- Stored records:
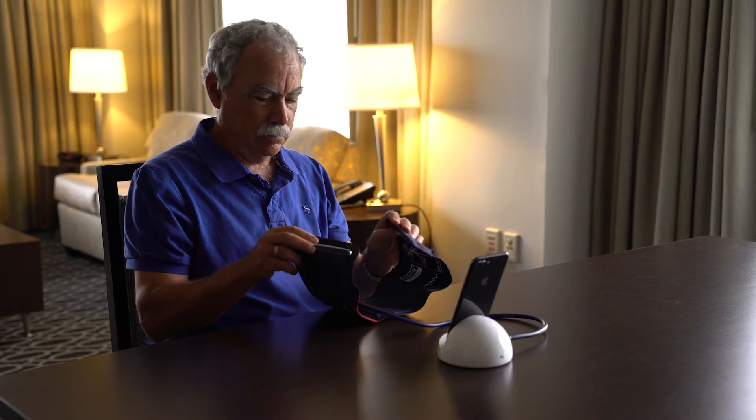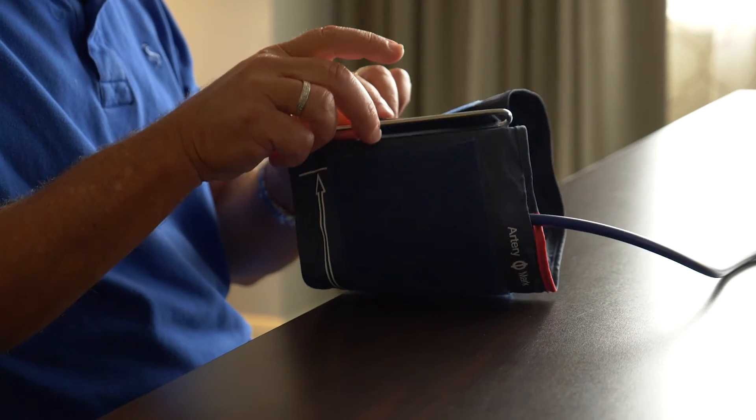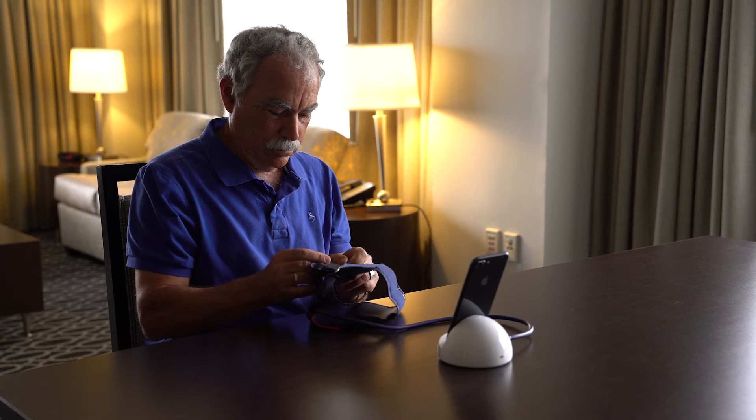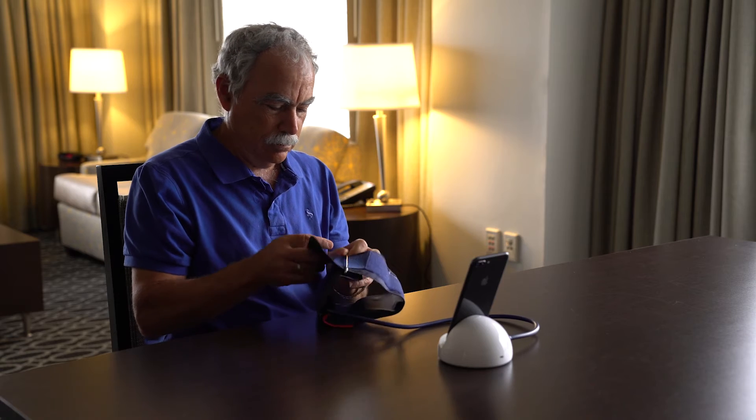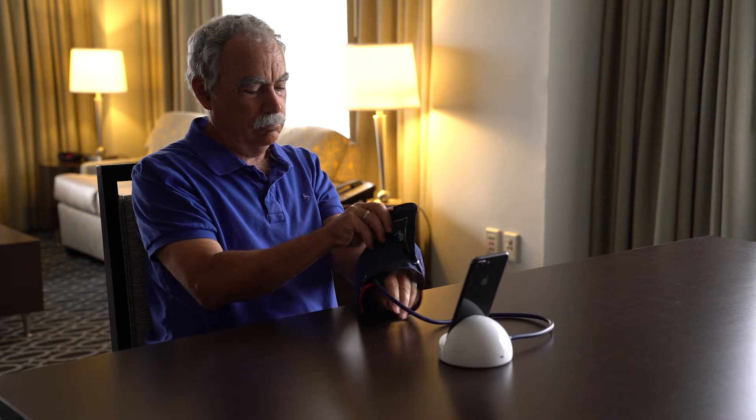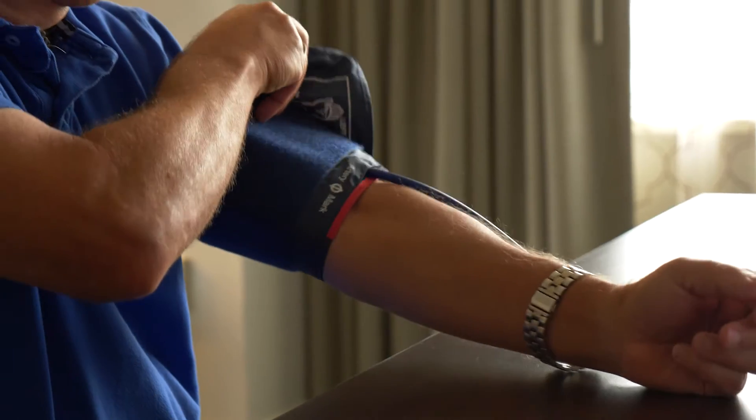Next, pull the cuff end through the metal loop, keeping the velcro on the outside. Stretch out your arm palm upward. Place your arm through the cuff.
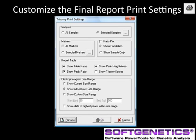After reviewing the trisomy analysis results, select the printer icon to customize the final report. Options include printing all or selected samples and markers. Ratio plot is selected if a second page with the ratio plots for the entire project is desired. Report table content and electropherogram size range are options to allow customization of the final report. Print directly from this screen with the printer icon, or print and save from the print preview display.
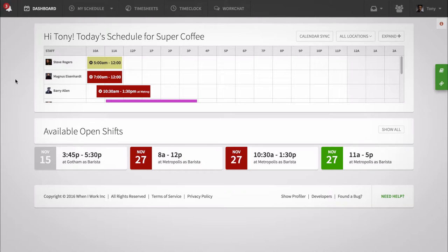Hi, this is Ella from When I Work. When you receive your schedule, sometimes you'll see that you can only work a part of it.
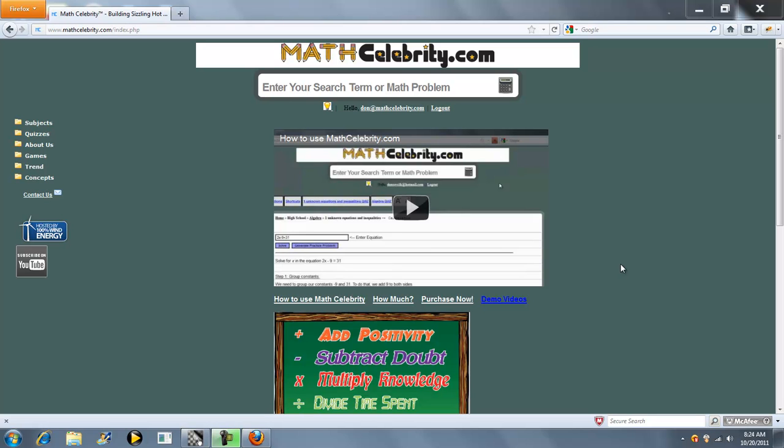Thanks for checking out our tally marks calculator for matcelebrity.com. If you need to represent a positive number using tally marks, you can use this calculator.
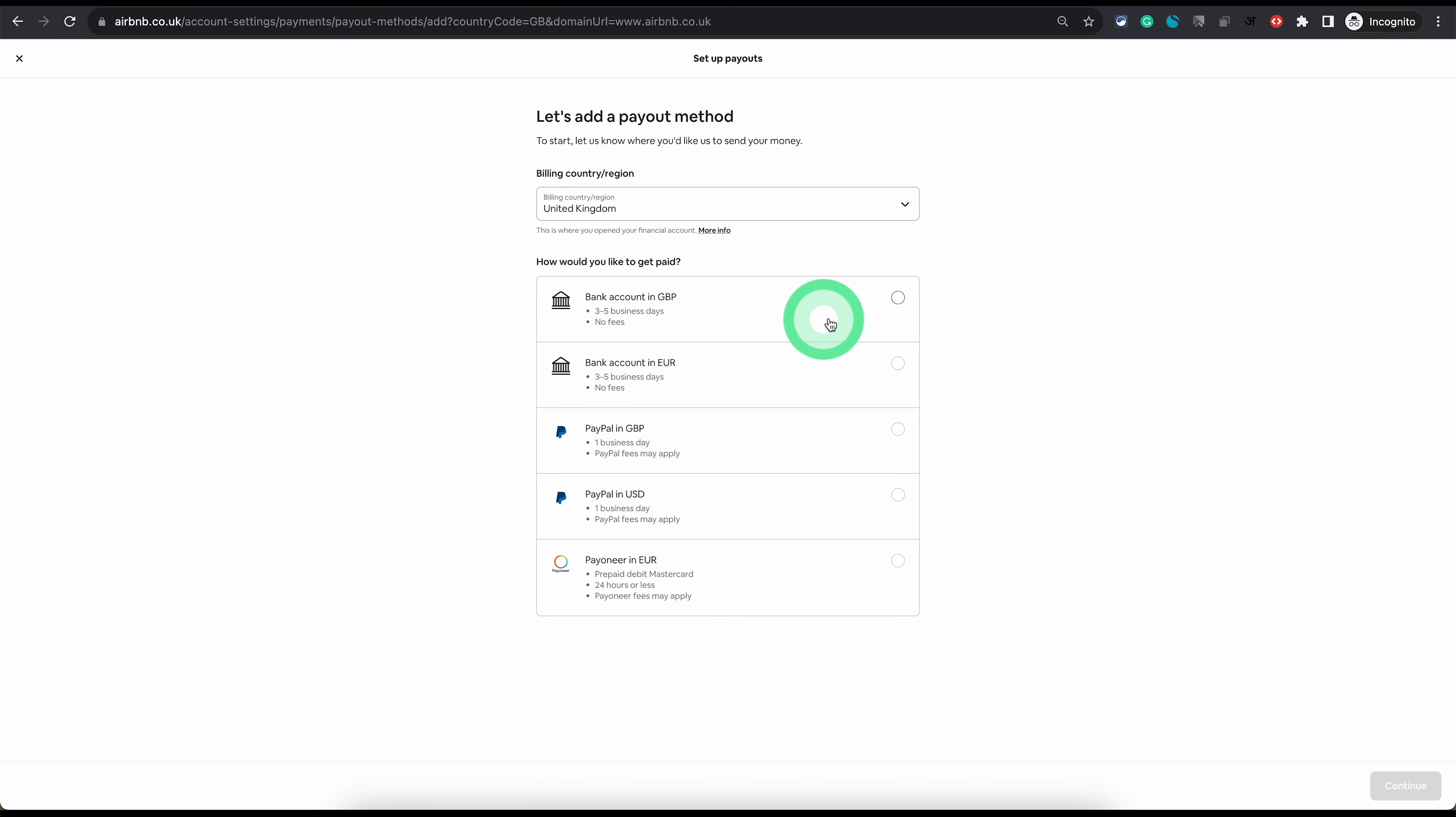After this step once you choose the kind of account you want to set, the process is simple. The steps are self-explanatory. But that is how you can set your payout method on Airbnb as a host.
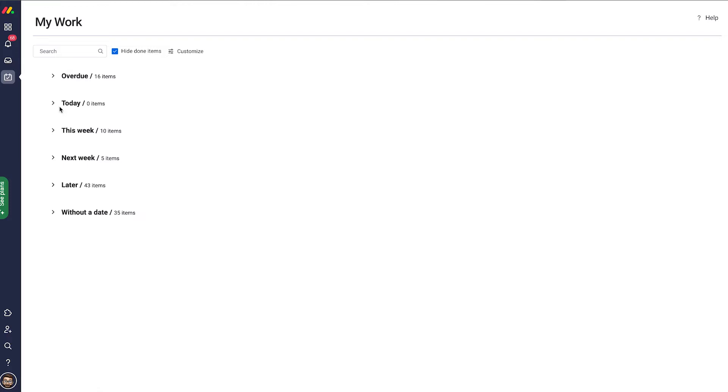As we can see, My Work is grouped into Overdue, what's happening Today, This Week, Next Week, and then Later, and then things that don't have a date set to them.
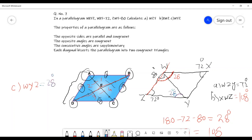There is one confusion in the book for question number 7 — if you check the answer, part C gives angle WYZ as equal to 80 degrees. In my opinion, that is a printing mistake. The angle should be 28 instead of 80. According to the property of alternate angles, angle XYW will be 80, but angle WYZ will be 28.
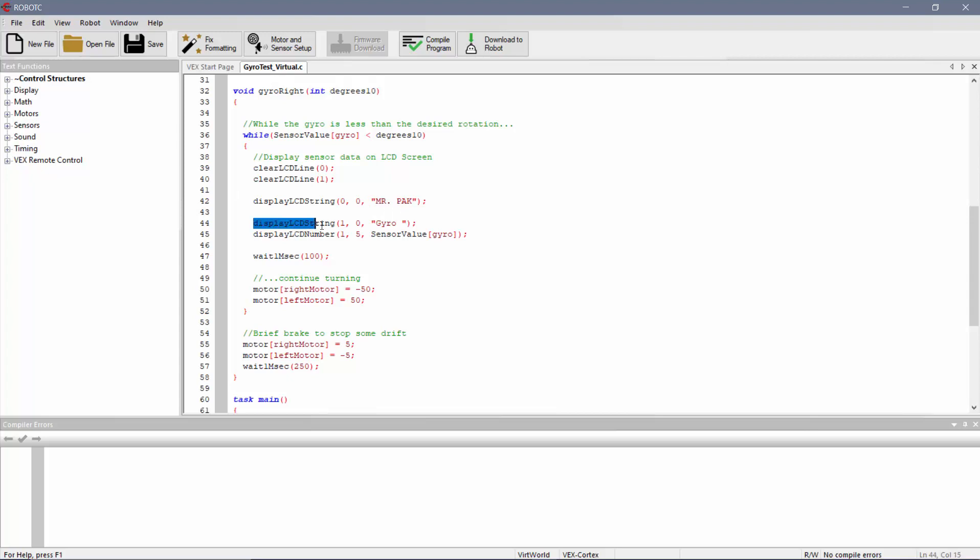After that, I'm adding another string starting from the bottom row. So that's the one. The first space there gives me zero. And then I'm going to type in gyro. Notice I put a space after that just so that it kind of gives me a little gap before I display the number, and the number is going to be the sensor value.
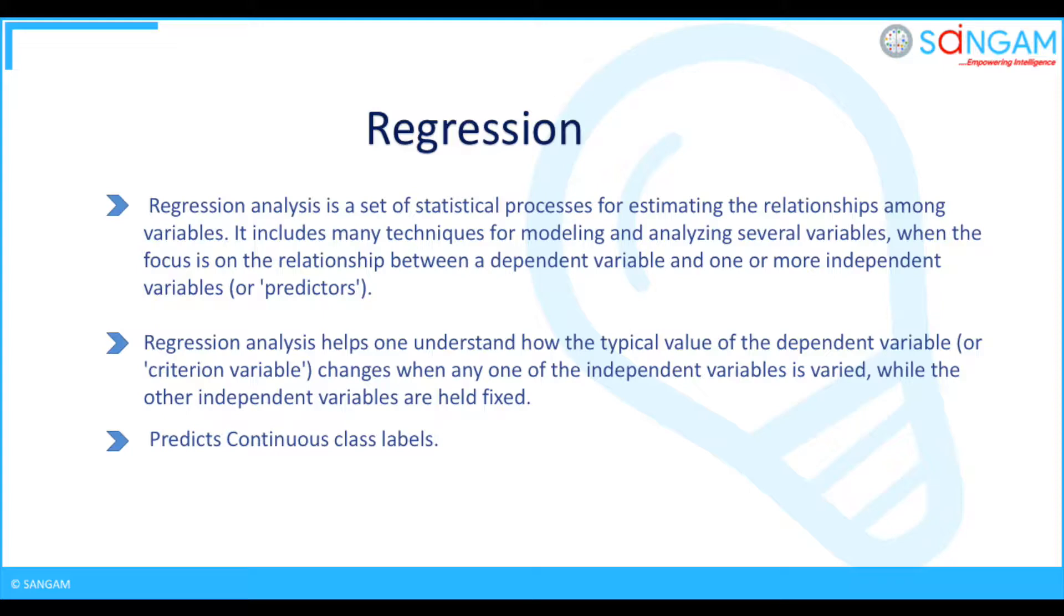Regression analysis helps one understand how the typical value of the dependent variable or criterion variable changes when any one of the independent variables is varied while the other independent variables are held fixed. Predicts continuous class labels.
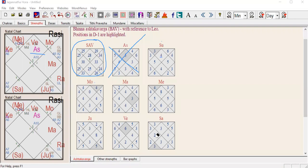The key rule for when to check the Ashtakavarga: you don't need to check every single day what the Moon, Mars, or Mercury are doing. You only check the planet that is currently active for you — meaning the Mahadasha, Antardasha, and Pratyantardasha planets. Most importantly, I believe the Antardasha and Pratyantardasha planets are the two you always need to check for their Ashtakavarga points.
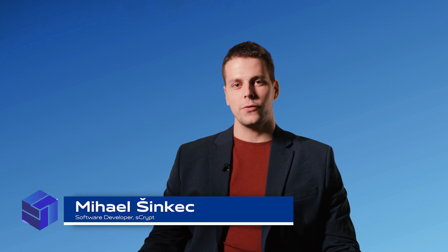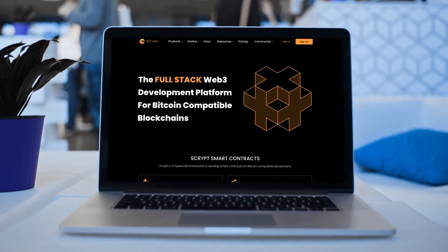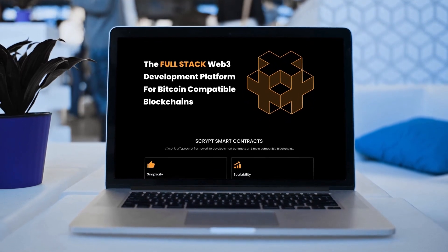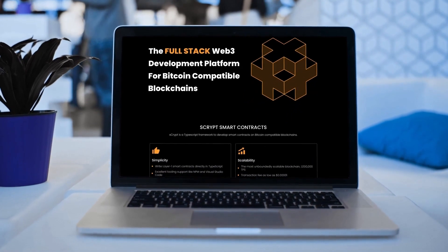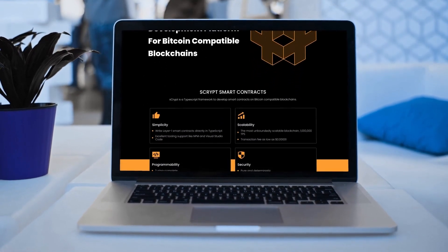I'm Michael Schinketz, I'm a software developer at Sscript. Sscript, apart from being the company name, is also the language of our development framework, and it's a development framework based on TypeScript, which is aimed for developers to write Bitcoin smart contracts in.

- Assignment: Write the data above out exactly. Leave out any pictures.

- Exercise solution:
Next, pull the cuff end through the metal loop, keeping the velcro on the outside. Stretch out your arm palm upward. Place your arm through the cuff.
After reviewing the trisomy analysis results, select the printer icon to customize the final report. Options include printing all or selected samples and markers. Ratio plot is selected if a second page with the ratio plots for the entire project is desired. Report table content and electropherogram size range are options to allow customization of the final report. Print directly from this screen with the printer icon, or print and save from the print preview display.
Hi, this is Ella from When I Work. When you receive your schedule, sometimes you'll see that you can only work a part of it.
Thanks for checking out our tally marks calculator for matcelebrity.com. If you need to represent a positive number using tally marks, you can use this calculator.
After this step once you choose the kind of account you want to set, the process is simple. The steps are self-explanatory. But that is how you can set your payout method on Airbnb as a host.
As we can see, My Work is grouped into Overdue, what's happening Today, This Week, Next Week, and then Later, and then things that don't have a date set to them.
There is one confusion in the book for question number 7 — if you check the answer, part C gives angle WYZ as equal to 80 degrees. In my opinion, that is a printing mistake. The angle should be 28 instead of 80. According to the property of alternate angles, angle XYW will be 80, but angle WYZ will be 28.
After that, I'm adding another string starting from the bottom row. So that's the one. The first space there gives me zero. And then I'm going to type in gyro. Notice I put a space after that just so that it kind of gives me a little gap before I display the number, and the number is going to be the sensor value.
Regression analysis helps one understand how the typical value of the dependent variable or criterion variable changes when any one of the independent variables is varied while the other independent variables are held fixed. Predicts continuous class labels.
The key rule for when to check the Ashtakavarga: you don't need to check every single day what the Moon, Mars, or Mercury are doing. You only check the planet that is currently active for you — meaning the Mahadasha, Antardasha, and Pratyantardasha planets. Most importantly, I believe the Antardasha and Pratyantardasha planets are the two you always need to check for their Ashtakavarga points.
I'm Michael Schinketz, I'm a software developer at Sscript. Sscript, apart from being the company name, is also the language of our development framework, and it's a development framework based on TypeScript, which is aimed for developers to write Bitcoin smart contracts in.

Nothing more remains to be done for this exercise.